You can’t outgrow those pizza teams, you just need to split them up and you are all set!
However, it may not be that simple. This works just fine if you don’t need to communicate or rely on each other. Normally this isn’t the case. If you have team A relying on team B for some infrastructure (which is defined here as “the stuff you don’t want to worry about to get your work done”) then you could be bottlenecked on their velocity. If team B have multiple client teams then they have to prioritize and work out how to solve for that.
You can easily get frustrated here, especially if there is a lack of transparency around how prioritization happens. Do you have a way to offer up head count or resources so you aren’t just sitting there saying “when are you done” but are diving in to help? Is that even possible given the skill-set needed?
That is often the rub. Humans can’t scale in the same way as CPUs as each one of us is so different, and each one of us has very different software onboard 😉
It is so very easy to get into a log jam. Let’s look at a hypothetical example that you may have seen yourself.

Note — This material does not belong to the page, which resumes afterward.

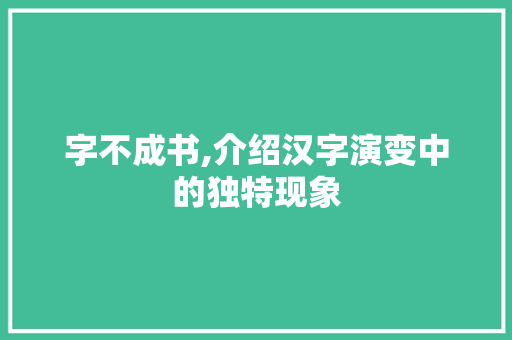 字不成书,介绍汉字演变中的独特现象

Your company has a team that provides an infrastructure as a service. In general you want to use shared resources, especially if they have domain knowledge that you lack, and if by supporting you all of the ships that they support can rise.
It turns out that they want to support you, but they don’t have the resources to jump on this work. Now begins the prioritization game. Can you collectively get support for this work to be done?
There is nothing worse than being the small fry when it comes to these discussions. Let’s say you are a global company, and you are sharing a central payment service. A small country has a payment solution that is The Gold Standard where they are, so it is crucial to get it integrated into the Global Solution. But then a long comes the Big Gorilla. The country that is so large that one compliance feature goes through the ROI analysis and it knocks the small guys solution below the line. Ouch.
Well, screw it, just go off and do a custom build! We can move fast! Talent density ftw! It feels great while you do it, but you may have created a new cache to invalidate. Fast forward a little and you notice that there are now a slew of other groups that have done the same thing. Team members have moved around and some of those systems are hard to keep alive, let alone gaining features.
How will this play out in the long run? It may still make sense to take this path though, and as someone once told me:
“The life blood of a company is momentum.”
This is why scaling companies can be hard. It will be wasteful and you need to be OK with that. It will be messy and you need to deal with that. You can build a framework to help you make the decisions that you need to make as they come up, and then you need to paddle as fast as hell.
p.s. I am looking forward to seeing what comes out of Scaling Teams. There is a dearth of content on engineering management.